A structured set of objections, weighed in public.

Desk editor's note, referee report, simulated authors' rebuttal, and a circularity audit. Tearing a paper down is the easy half of reading it; the pith above is the substance, this is the friction.

Desk Editor's Note private letter to a colleague

RayFormer swaps random ray sampling for patches in NeRF-based video SCI, adds a split inter/intra-ray transformer, and tacks on TV regularization, but the evidence that this beats standard sampling without bias or over-smoothing is still thin.

read the letter

The paper's main move is to replace random ray sampling with patch-level sampling so that a transformer can explicitly attend to neighboring rays at the same depth (inter-ray) and to points along each individual ray (intra-ray), then add a total-variation term to the loss. This is a direct response to the observation that prior NeRF-SCI methods ignore local structure and therefore leave reconstruction artifacts. The split attention and the patch strategy that makes it possible are the concrete novelties; the rest is standard NeRF volume rendering plus a common regularizer. The authors show results on both simulated and real captured data, which is the right test bed for this problem. That part is useful and worth having in the literature. The soft spots sit where the stress-test note flags them. Patch sampling introduces spatial correlation that random sampling deliberately avoids; nothing in the abstract or the high-level description shows that convergence or coverage stays unbiased. The TV term can suppress compressive artifacts, but it can also remove high-frequency temporal detail in real dynamic scenes, and the paper does not appear to quantify that trade-off with targeted ablations. Without seeing error bars, per-scene breakdowns, or direct comparisons that isolate the sampling change from network capacity, the SOTA claim is hard to judge. Readers working on snapshot compressive imaging or on NeRF adaptations for inverse problems will find the architecture description and the real-data experiments worth skimming. The work is coherent on its own terms and engages the relevant prior literature, so it clears the bar for peer review. I would send it out, but with explicit requests for ablations on the sampling strategy and for checks that the TV term does not trade one artifact for another.

Referee Report

3 major / 3 minor

Summary. The manuscript proposes RayFormer for NeRF-based video snapshot compressive imaging (SCI). It introduces a patch-level ray sampling strategy to enable modeling of content structural similarities, an Inter- and Intra-Ray Transformer (RayFormer) that captures inter-ray similarities among spatially neighboring points at the same depth and intra-ray correlations between adjacent points along each viewing ray, and incorporates a total variation prior into the objective function to enhance spatial smoothness and suppress artifacts. Experiments on simulated and real-world scenes are claimed to achieve state-of-the-art reconstruction performance.
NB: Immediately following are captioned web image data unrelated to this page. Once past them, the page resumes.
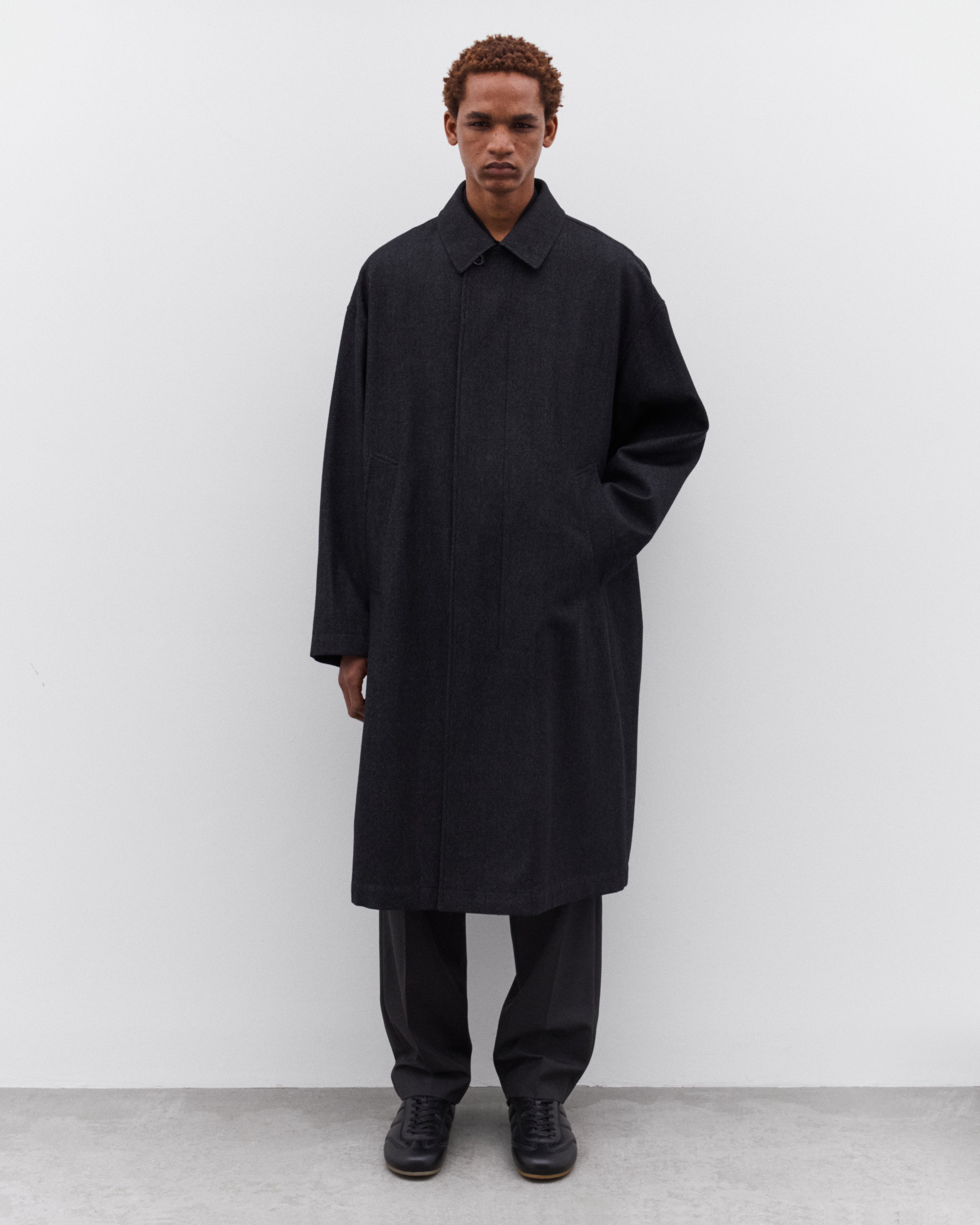 Lemaire: Men's Overcoat (Black) | DSML E-SHOP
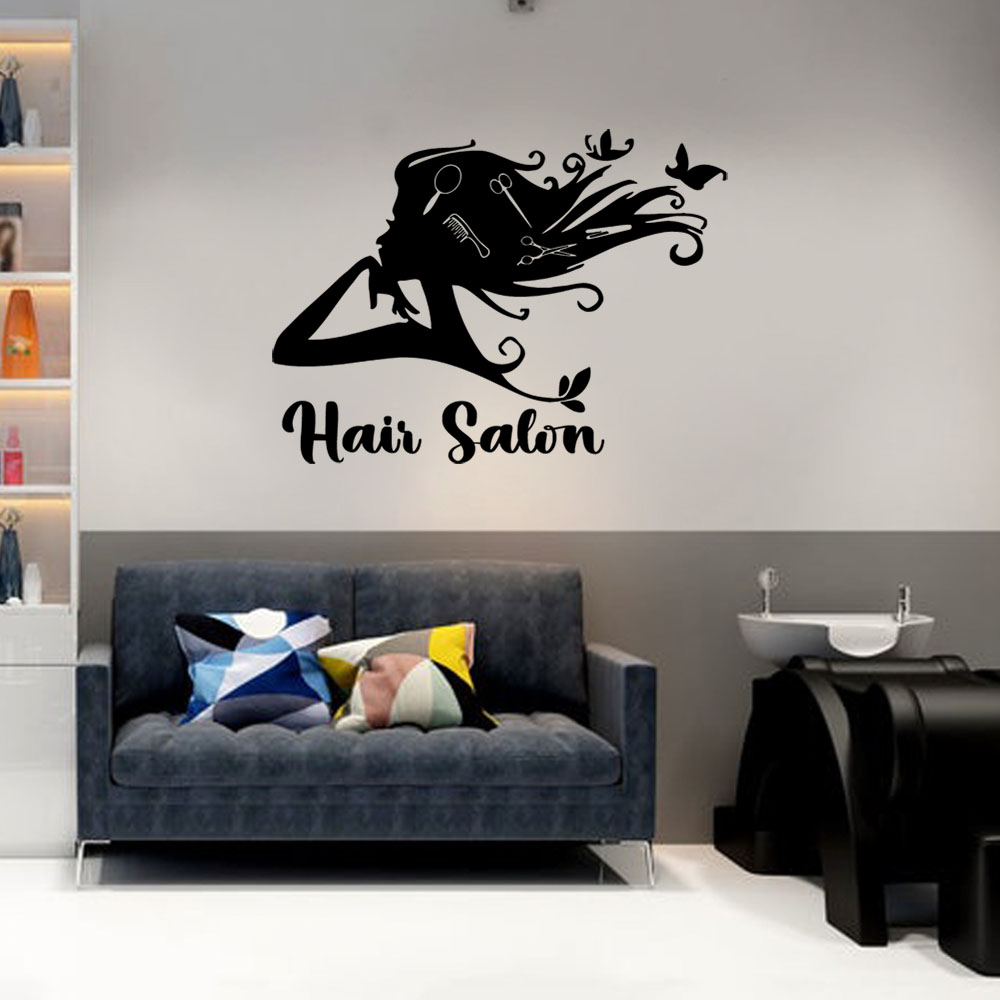Home Decor Wall Stickers - 1 Stück Bunter Friseur-Aufkleber mit Anpassbarem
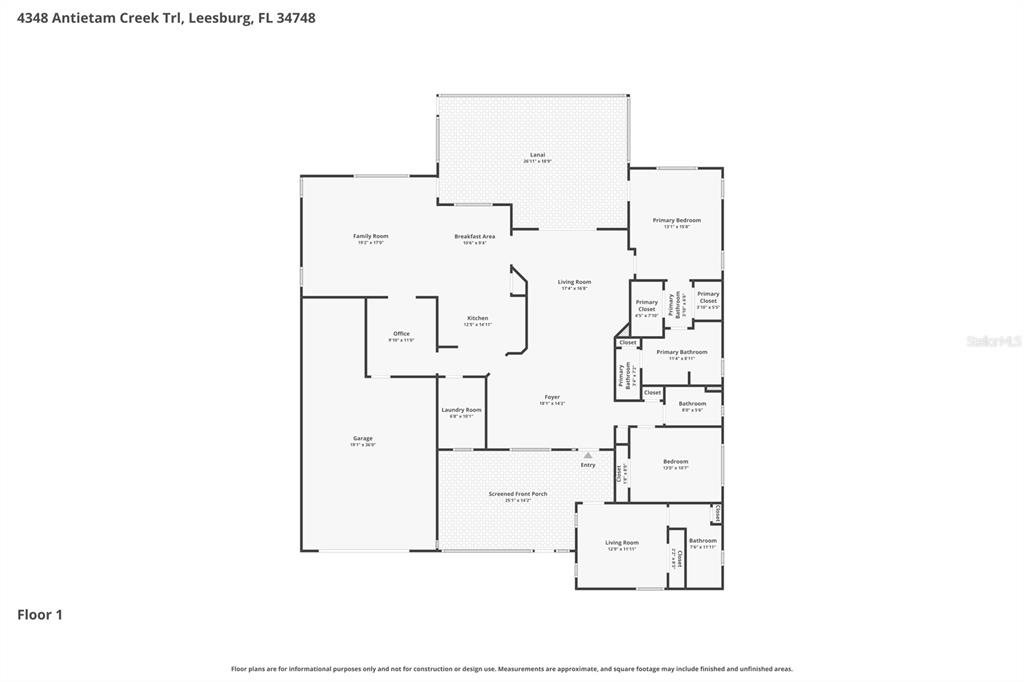 This is a floor plan for a single-story residential home — 4348 ANTIETAM CREEK TRAIL, LEESBURG, FL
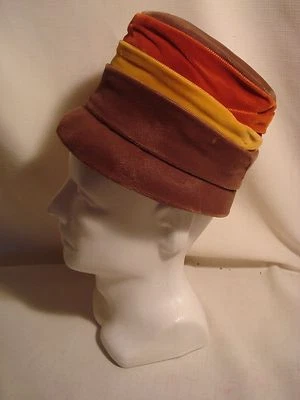 Vintage Beige, Yellow, & Orange Velour Hat -U.S.A. - Image 1 of 4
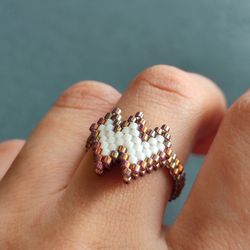 PDF tutorial beaded Mom ring | Jewelry DIY | Weave beaded pattern | Beaded mom gift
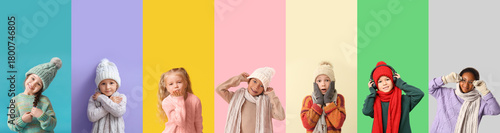 Set of cute little children...
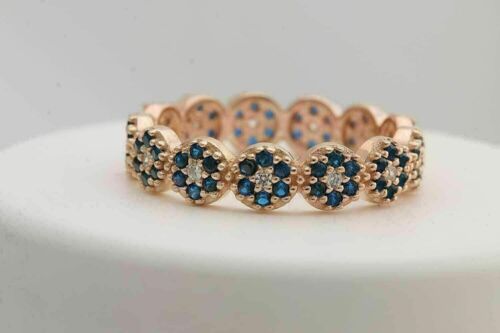 2Ct Round Blue Sapphire Simulated Eternity Band Ring 14k Rose Gold Over Silver - Afbeelding 1 van 12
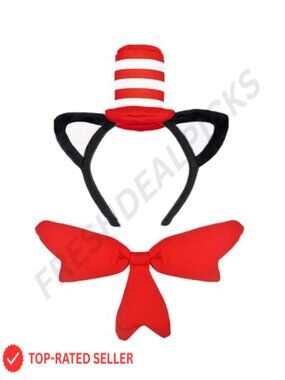 Cat Ears Headband Bow Tie Set Party Costume Accessory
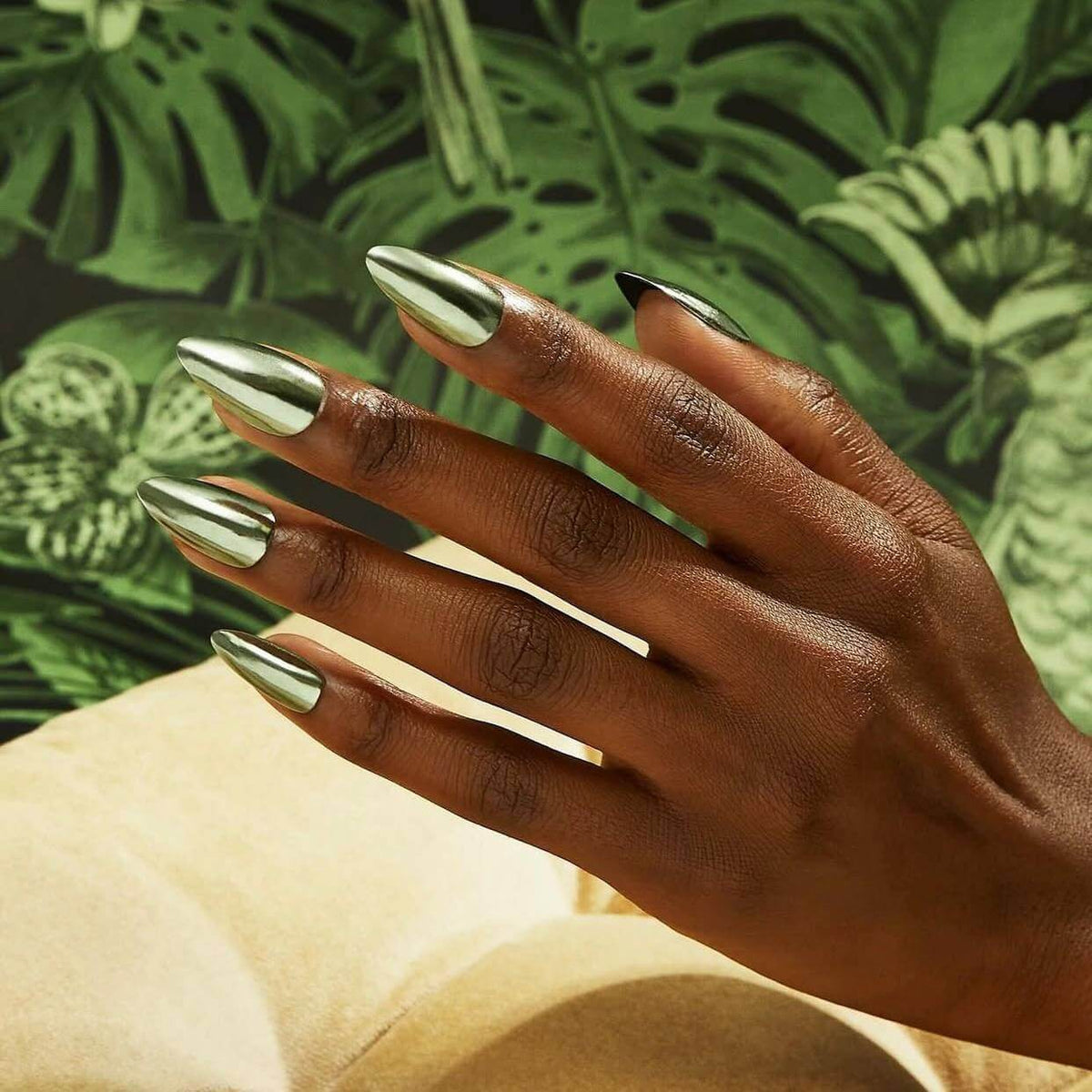 Vegan green mirror chrome nail powder, Sage by The GelBottle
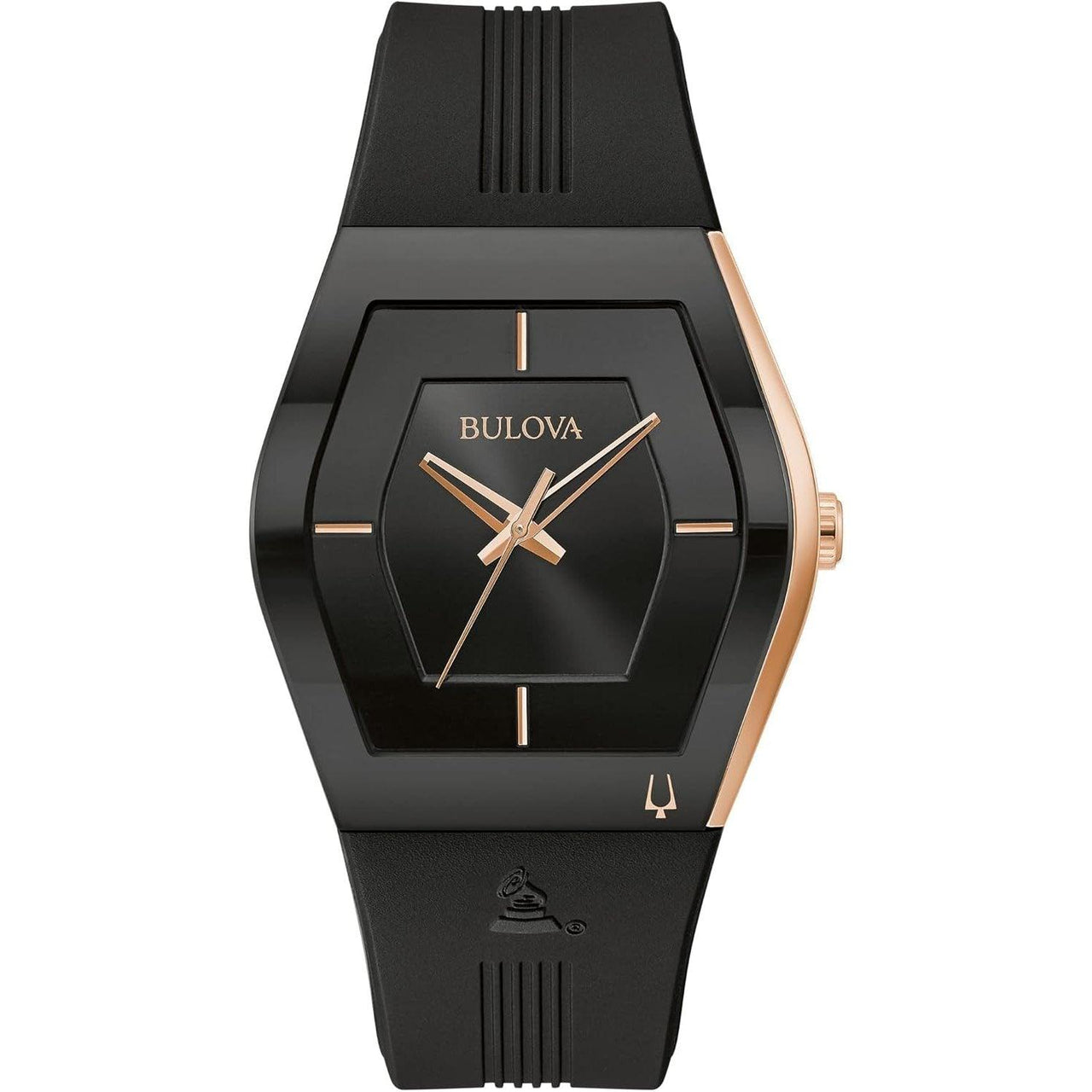 Reloj Bulova Latin Grammy Gemini de cuarzo en acero inoxidable dorado rosa con detalles en cristal mineral curvo y correa de silicona negra para hombre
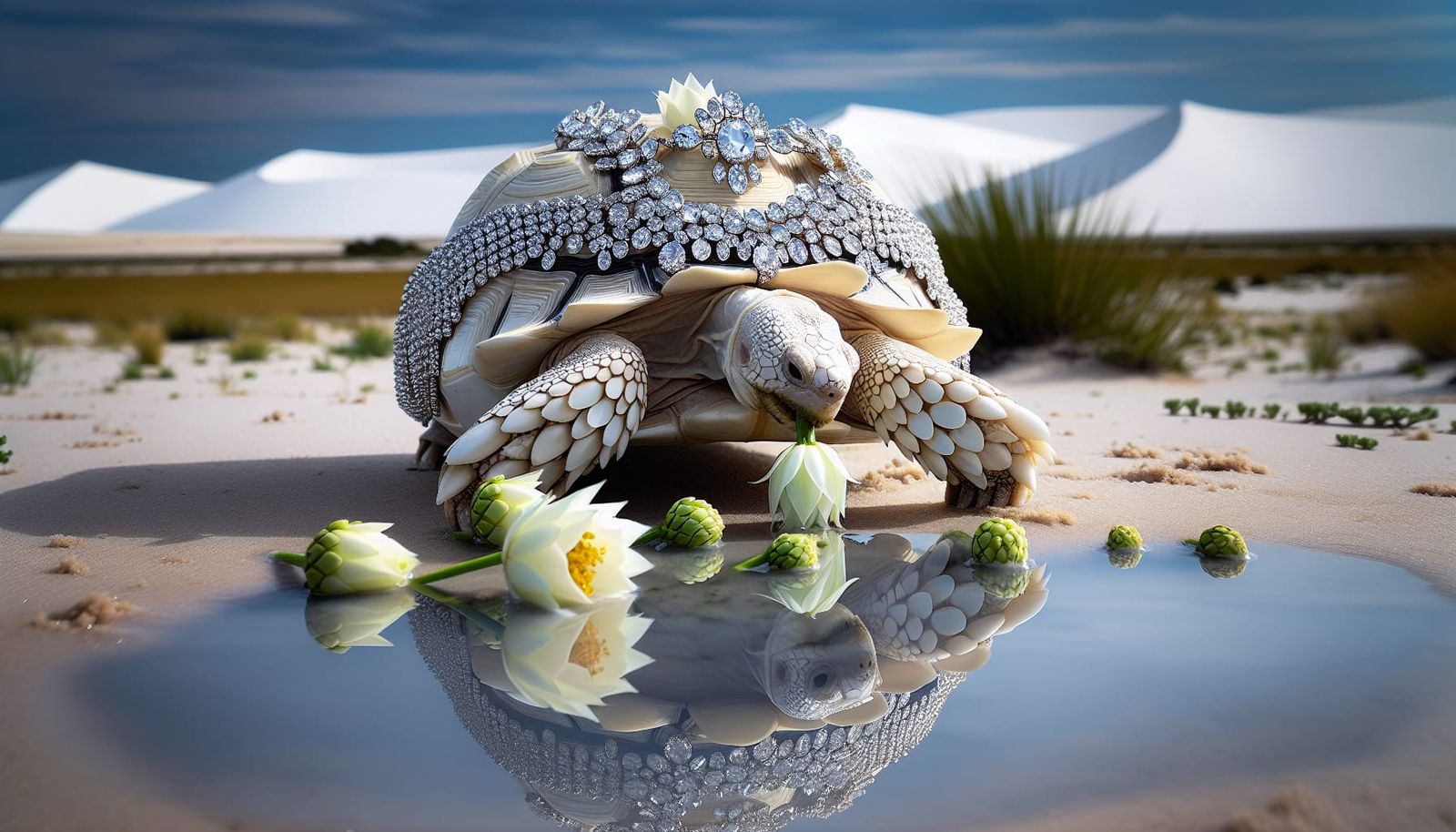 Albino Tortoise with Diamond Necklace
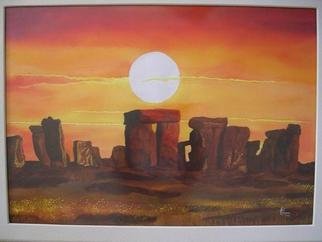 Ani Tejada; Stonehenge In Orange Sky, 2004, Original Watercolor, 70 x 50 cm. Artwork description: 241 Weights less than 0. 2 pounds. Painted in watercolor paper....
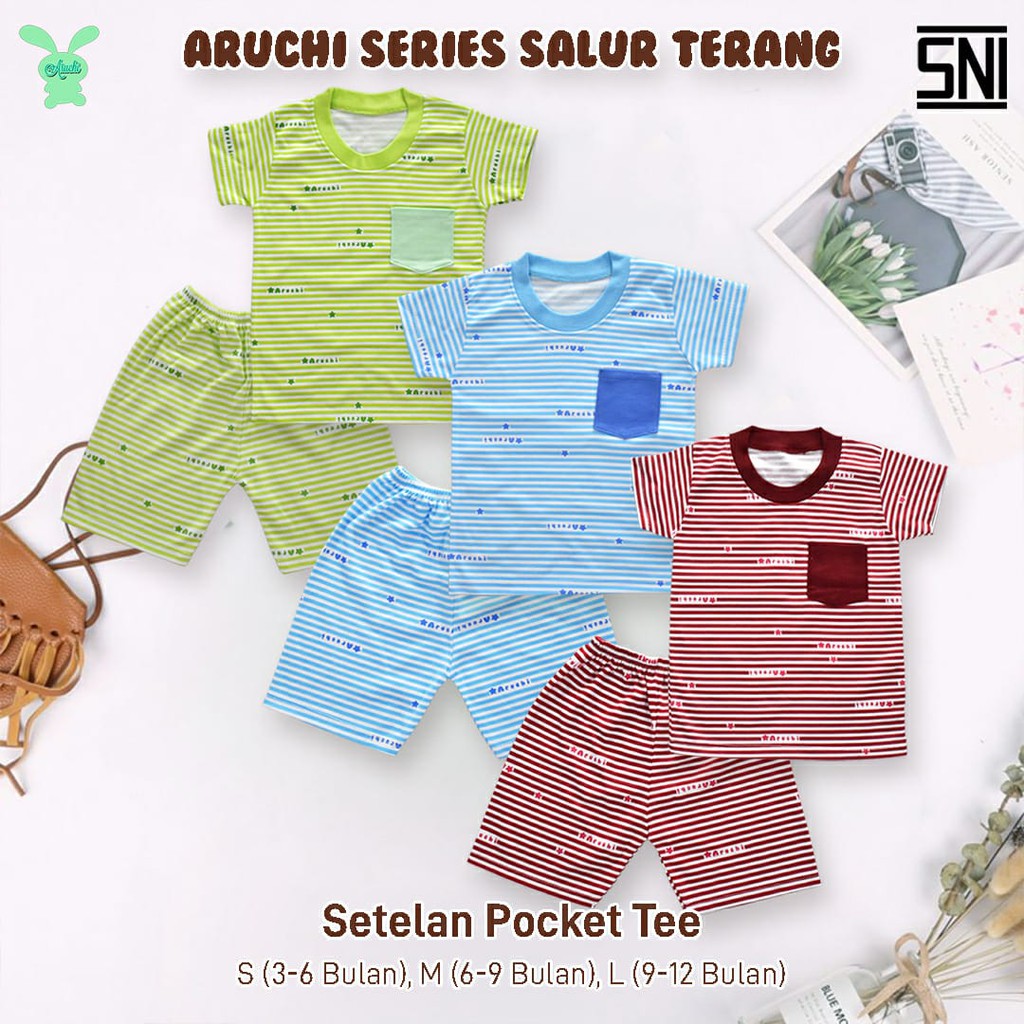 Setelan Pendek Pocket Salur Bayi Aruchi SML,XL,XXL bahan Cotton Lembut CBKS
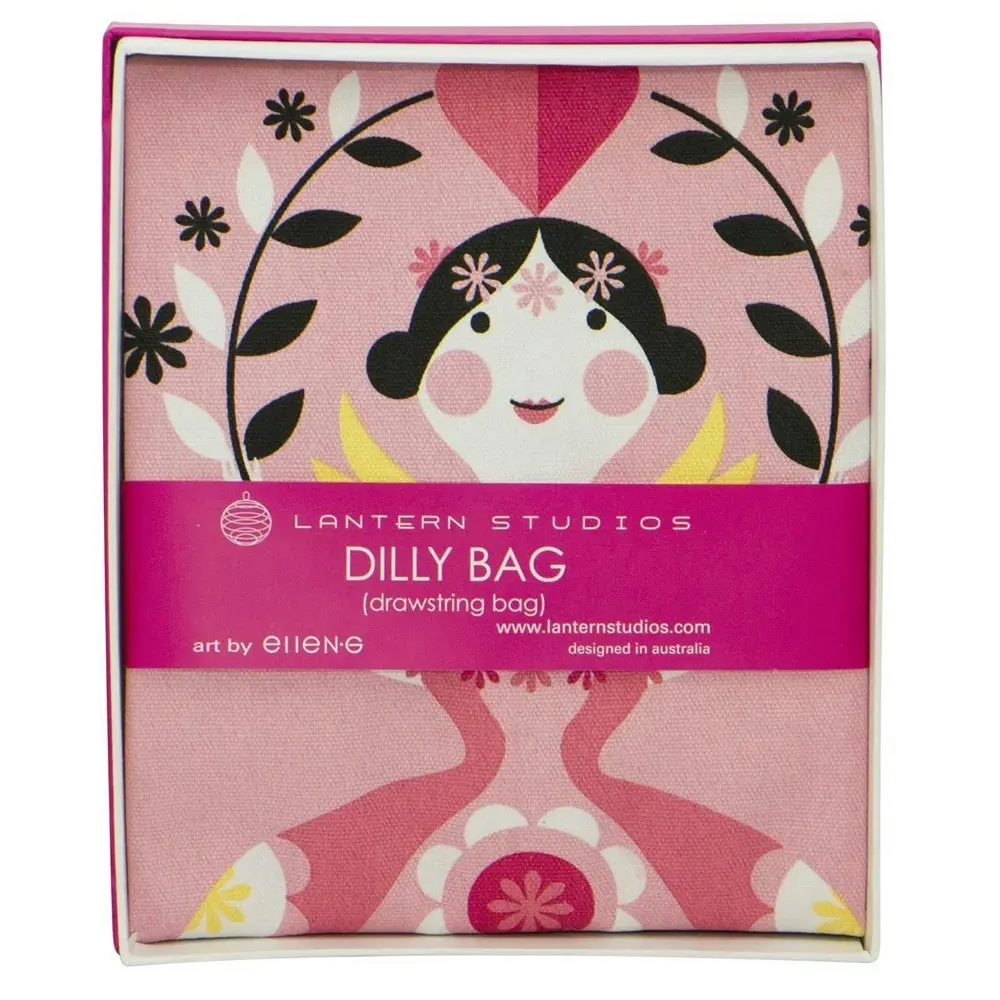 Lantern Studios Ellen G Dilly Bag Drawstring Storage Linen Backpack Ballerina - Fashion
Significance. If the empirical results hold, the work could advance NeRF-based SCI by replacing random ray sampling with structured patch sampling and geometry-aware attention, addressing a recognized limitation in prior methods that under-exploit ray similarities. The combination of transformer modeling with TV regularization is a plausible extension, but significance depends on whether gains are attributable to the proposed components rather than capacity or optimization details.

major comments (3)

[Abstract and §4] Abstract and §4 (Experiments): The SOTA claim is central to the paper but the abstract supplies no quantitative metrics, error bars, ablation studies, or dataset details. The experiments section must include direct comparisons (e.g., PSNR/SSIM tables) against recent NeRF-SCI baselines with statistical significance to substantiate the claim.
[§3.2] §3.2 (Patch-level ray sampling): The strategy is presented as necessary to capture structural similarities, yet the manuscript must include an ablation comparing patch-level sampling directly to standard random sampling (the unbiased baseline in NeRF). Without this, it remains unclear whether the restriction improves structure capture or introduces spatial correlation that slows convergence or leaves regions under-sampled; this is load-bearing for the central claim.
[§4.3] §4.3 (Real-world experiments): The total variation prior is added to suppress compressive artifacts, but in real dynamic scenes lacking ground truth the paper should quantify risks of over-smoothing high-frequency or temporally varying detail. Visual inspection alone is insufficient to rule out bias introduced by the prior, which could undermine the reported SOTA gains.

minor comments (3)

[§2] §2 (Related work): Additional citations to recent transformer-based NeRF variants and SCI reconstruction methods would better position the contribution and avoid potential gaps in the literature review.
[Figure 1] Figure 1 (Architecture diagram): The inter-ray and intra-ray attention blocks would benefit from explicit labeling of query/key/value definitions and how patch sampling feeds into the transformer to improve clarity.
[§3.1] Notation in §3.1: The definitions of ray points, depth sampling, and the combined loss (including the TV term) could be made more precise with an additional equation or table summarizing the symbols.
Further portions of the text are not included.